Lewis is suggesting that useful words that we vaguely associate with positive virtues have meanings so muddled that they can be used (in the case of “democracy”) to call excellence "undemocratic". GK Chesterton wrote an excellent newspaper column on this subject, in which “Island” has become a word with positive connotations, and one interlocutor asks, “How can we deny beautiful Switzerland, the birthplace of democracy, the title of 'island”.” (Quote from memory.)
My question (if not Lewis's) is this: why should we be proud of our tastes? Is it meritorious to like caviar better than peanut butter? I suppose there is merit to educating ourselves so that we EXPAND our tastes. If we learn Epic Greek to read the Odyssey, that is an accomplishment.

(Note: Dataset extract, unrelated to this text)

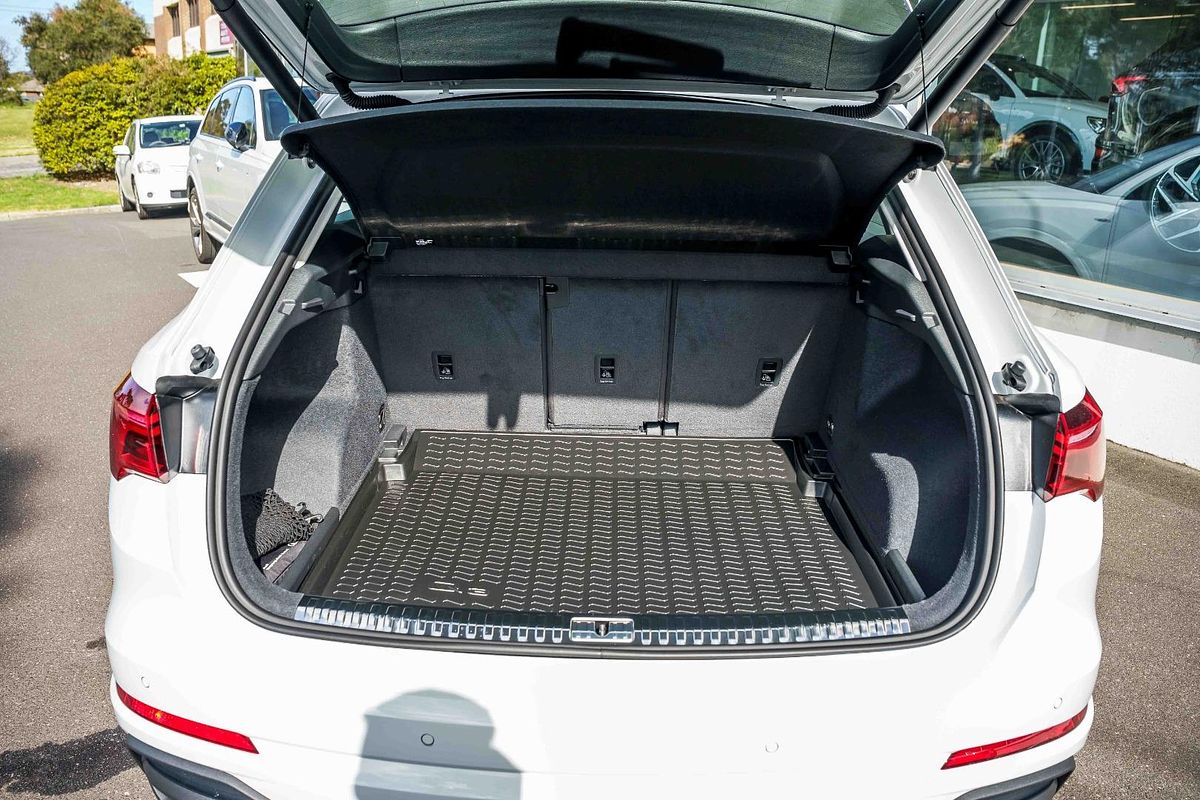 2025 Audi Q3 35 TFSI S line edition F3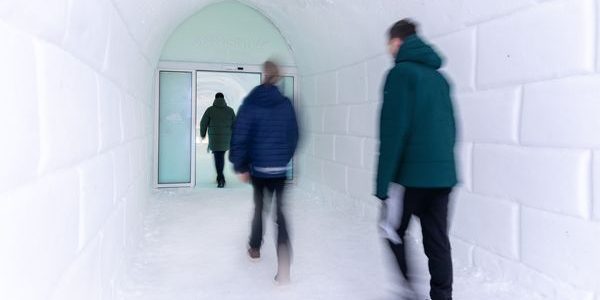 Dormakaba testet Systeme im nördlichsten Eishotel der Welt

Learning how to understand and enjoy (modern) poetry often takes some doing.
Nonetheless, on the flip side of that coin are those who think that by having (or, at least, claiming to have) canonical tastes, they are showing off an intellectual accomplishment. Writing great books is an accomplishment; merely enjoying them is an entertainment.
Some people (in my experience) think their tastes in literature proclaim that they have poetic souls. But everyone has a poetic soul – because he has a human soul. What he doesn't have is the ability to write or appreciate poetry.
Screwtape ascribes this objection to elite tastes as being based on envy. By calling the intellectual elite (or, at least, those with “elite' tastes) “undemocratic”, the envious can feel superior.
I don't think we can be certain of Lewis's opinion based on Screwtape's. Certainly Lewis the Oxbridge Man may have deplored the lack of moral, cultural and intellectual excellence among his fellow humans. In “High and Low Brows”, though, he writes: “For them (the high brows) 'good' taste will have been acquired by the sweat of their brows.... and they will hold it with uneasy intensity.” For many, Lewis fears, ALL literature will be an acquired taste, and they will look askance at those to whom loving books comes naturally (as it did for Lewis).